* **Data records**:
*** Begin section ***
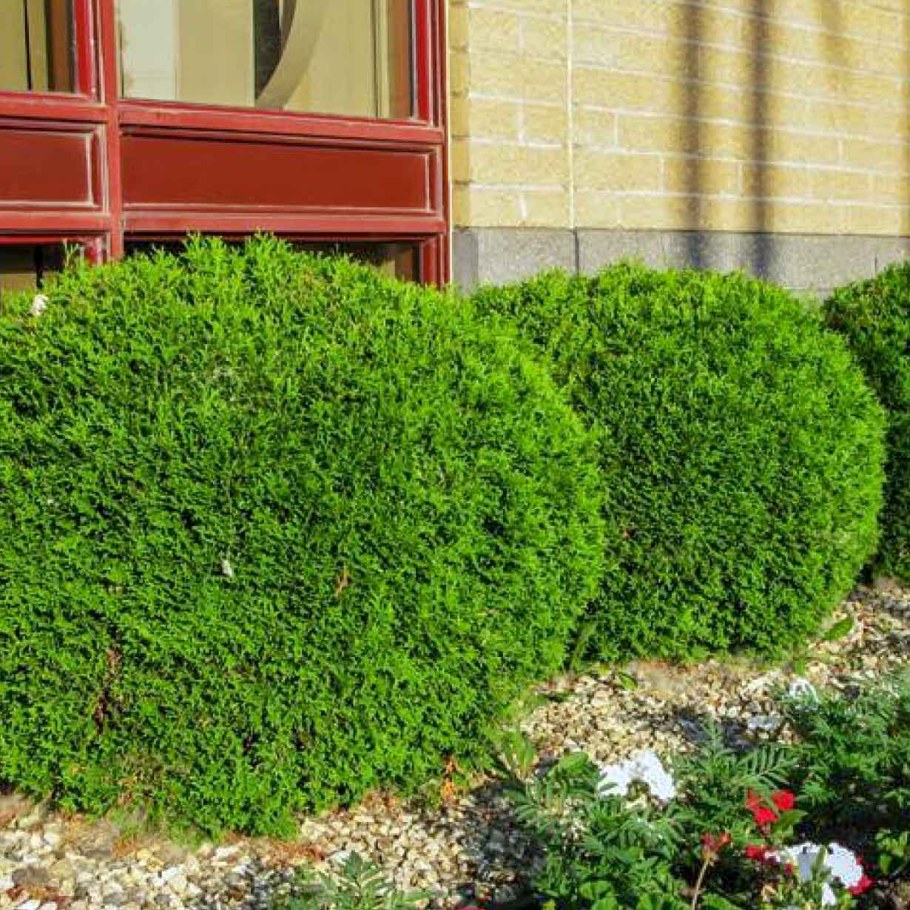 Туя Западная little Gem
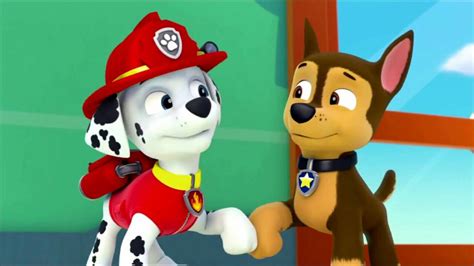 Ask Or Dare The Paw Patrol Chase X Marshall Wattpad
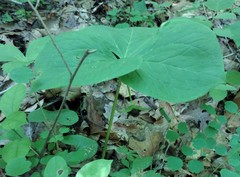 Trillium flexipes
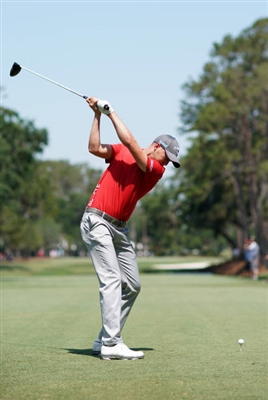 Daniel Berger Poster 3495425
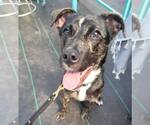 Small Photo #19 Mutt Puppy For Sale in Woodbury, NY, USA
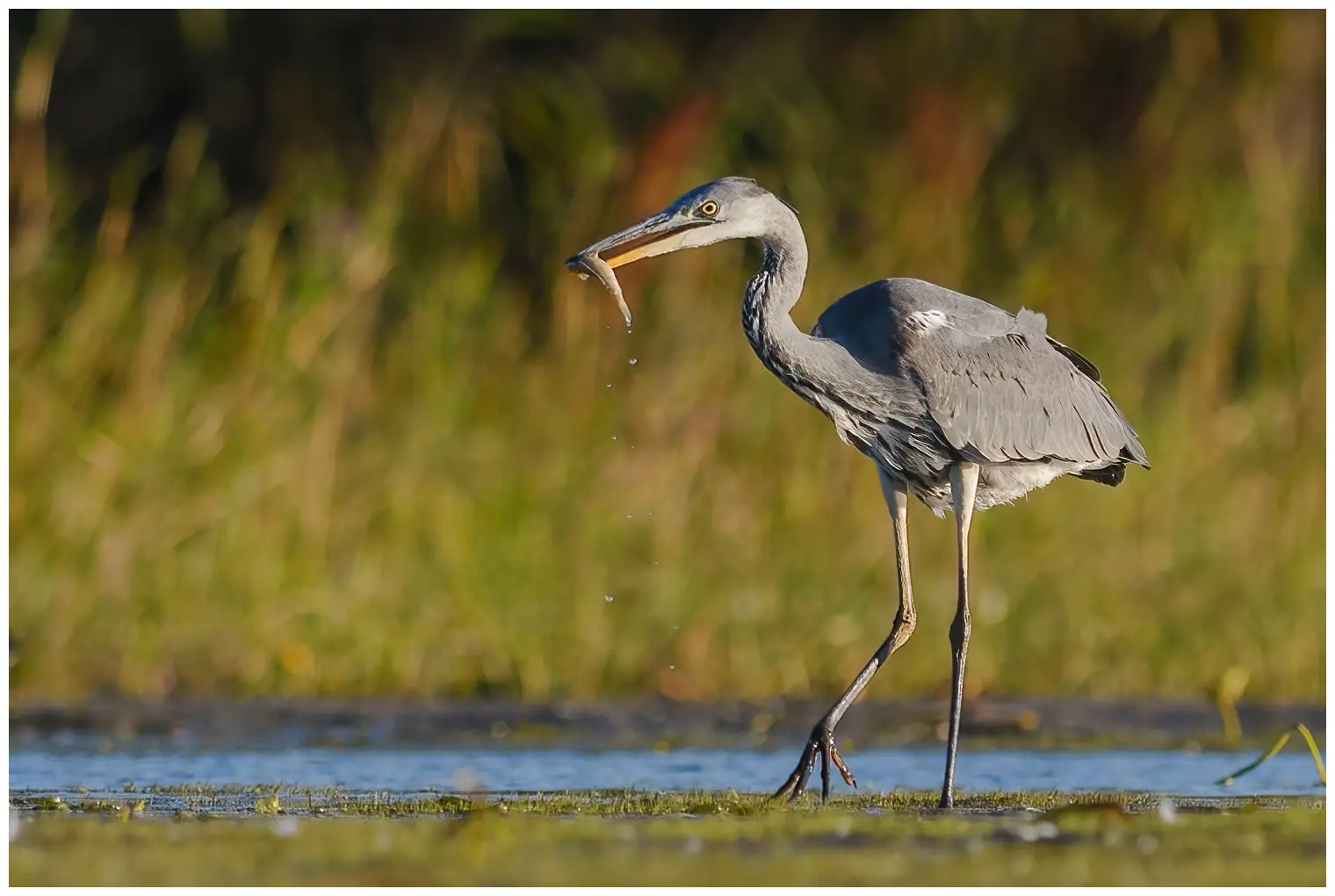 Grey Heron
*** End section ***
* **What is expected**: Reproduce only the lines from the line with "Ask Or Dare" to the end of the entries. Keep both ends, copy them exactly, and omit every picture.

* **Exercise output**:
 Ask Or Dare The Paw Patrol Chase X Marshall Wattpad
 Trillium flexipes
 Daniel Berger Poster 3495425
 Small Photo #19 Mutt Puppy For Sale in Woodbury, NY, USA
 Grey Heron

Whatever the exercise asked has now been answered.